There were many other types of sacrifices, but atoning for sins was one of them.
I have been wanting to respond to your post for a long time, but when I saw it, it was too long to respond at that time, and I have a few minutes now. Regarding animal sacrifice in some branches of Hinduism, I don't see that in this post, but I also wanted to respond to that. I think having animal sacrifice in some ways could open up the minds of Hindus or other people-groups to understand certain things when they encounter the Gospel, but I do not agree with their sacrificing to the spirits they sacrifice to, as opposed to the most high God who does not want to be worshipped through idolatry. The other issue is that Christ's sacrifice was for sin and accomplished what the blood of bulls and goats could not.
The reason Christians don't sacrifice animals anymore is because of the substitutional sacrifice of Jesus Christ. Both were means to the same end, which was accounting for sin. Here are 5 distinctions between the two forms of sacrifice:
1. The first important distinction is that when an animal is sacrificed it does not come back to life. It is a permanent loss. If among your flock you had an animal that could bring itself back from the dead, how meaningful would it be to sacrifice that particular animal? How would that even be a loss or a sacrifice if the animal just came back to you after you lost it?

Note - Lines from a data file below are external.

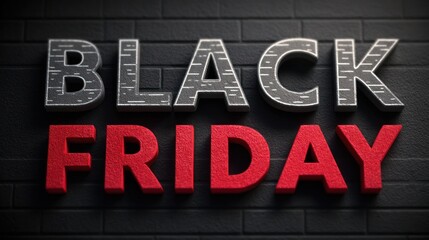 Black friday promotion sign with bold textured letters on black brick textured background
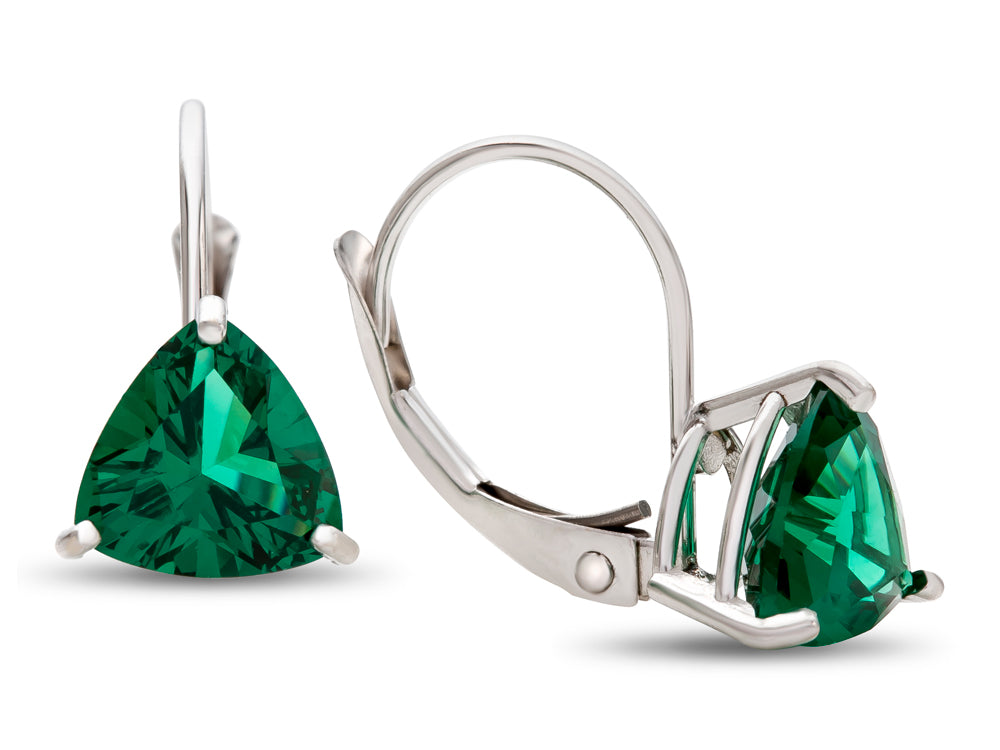 FJC Finejewelers 7x7mm Trillion Simulated Emerald Lever-back Drop Earrings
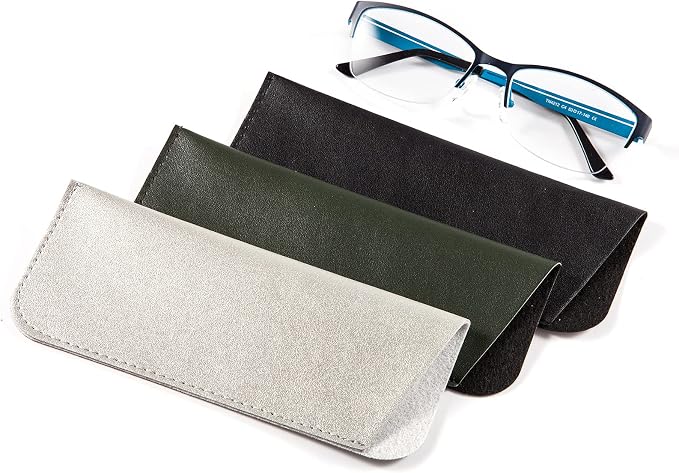 TRIUMPH VISION Reading Glasses Pouch Eyeglass Sleeve Soft Case Slim 3 Pack | Alternative to Bulky Case Lightweight，Neoprene Lined Padded Protect Optical lens Slip in, Cute Pattern Portable for Daily Use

An animal sacrificed is just an animal, though, and not the sinless Son of God, not the Word of God incarnate, not the Messiah. There was more going on than what happened with an animal sacrifice, which prefigured the death of the Messiah. Christ also conquered death.
2. The second distinction is that animal sacrifice was not retroactive like the sacrifice of Jesus. First came sin and then the sacrifice followed. This is true for everyone before the sacrifice of Jesus Christ but not after. It would be shallow and insincere to kill an animal as an insurance policy just in case you sin in the future, or preemptively performing a sacrifice today so you can sin tomorrow. The sacrifice loses its meaning when you can sin with the knowledge that a sacrifice has already been made on your behalf. With the knowledge of the sacrifice of Jesus people know their sacrifice was already made and this can become a consideration for pretty much any sin.

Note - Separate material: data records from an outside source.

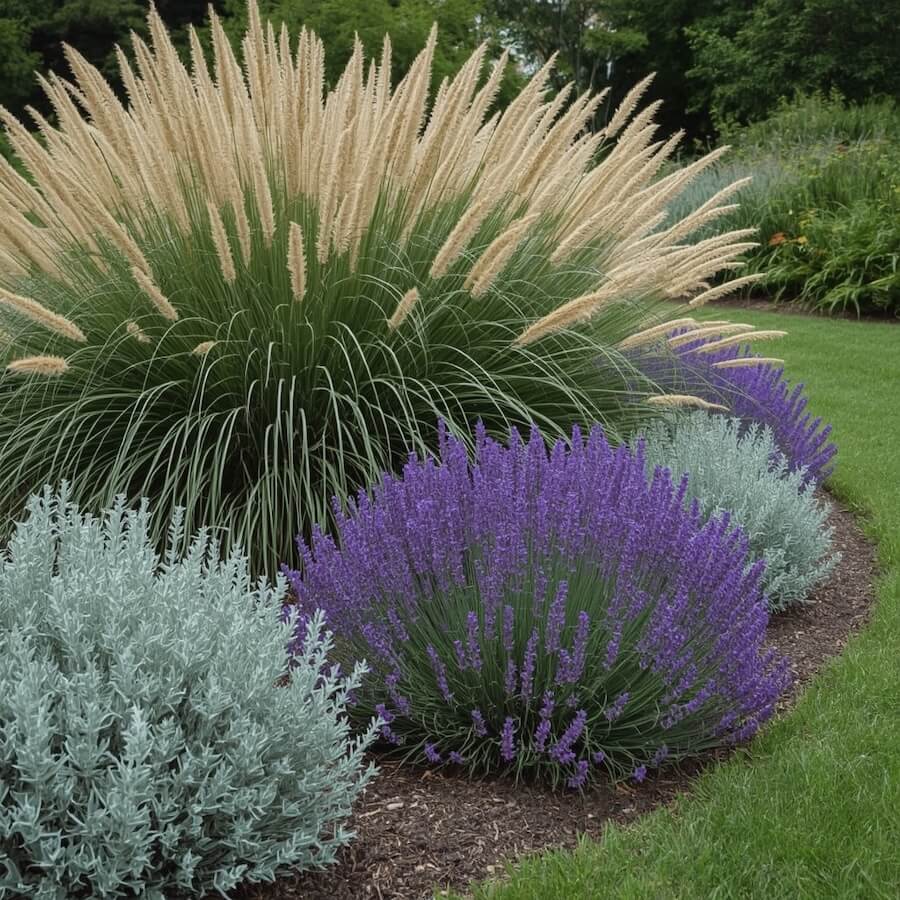 Trawa pampasowa z szałwią omszoną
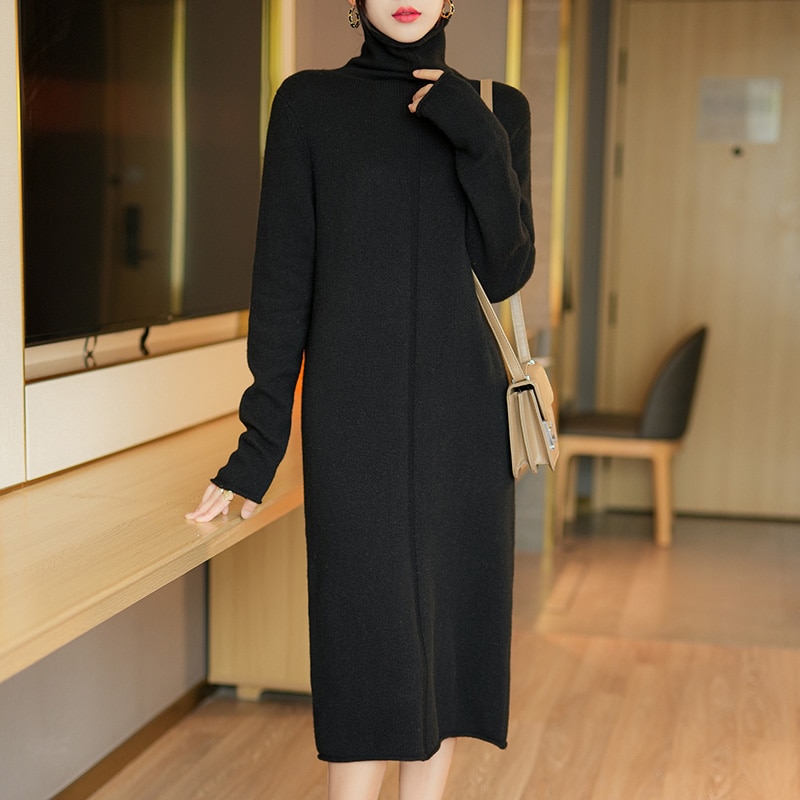2022 new high-fashion high-neck cashmere dress dress skirt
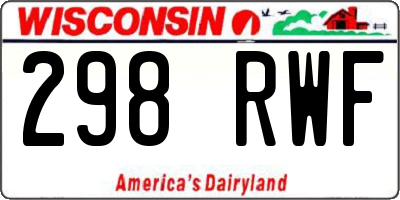 WI license plate 298RWF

Except the New Testament strongly warns against sinning with such an attitude, especially the book of Hebrews, the same book that describes Christ's sacrifice as 'one sacrifice for sins forever.'
5. Finally, animals were sacrificed to atone for the sin of the person who killed them. A sacrifice must be an intentional act for it to be considered a sacrifice, yet the people who killed Jesus didn't kill him for him to be offered as a sacrifice.
Why do you get the make the rules? The animal sacrifices prefigured what Jesus did, but they are not the same in every aspect.
When someone offered an animal as a sacrifice they intended that animal to be a sacrifice for their sin, in Christianity however it was God who valued Jesus and God who intentionally offered Jesus as a sacrifice. Given what we know about sacrifice this tells us that the sacrifice of Jesus Christ was because God did something wrong and God offered a valued sacrifice to atone for God's wrongdoing. Because sacrificing Jesus would not be a logical way for humans to atone for their sin, but it would be a logical way for God to atone. Jesus never belonged to us, he belonged to God and therefore wasn't ours to sacrifice.
Again, you do not get to make the rules. The Old Testament also predicted the Messiah's death hundreds of years before it happened, for example in Isaiah 53.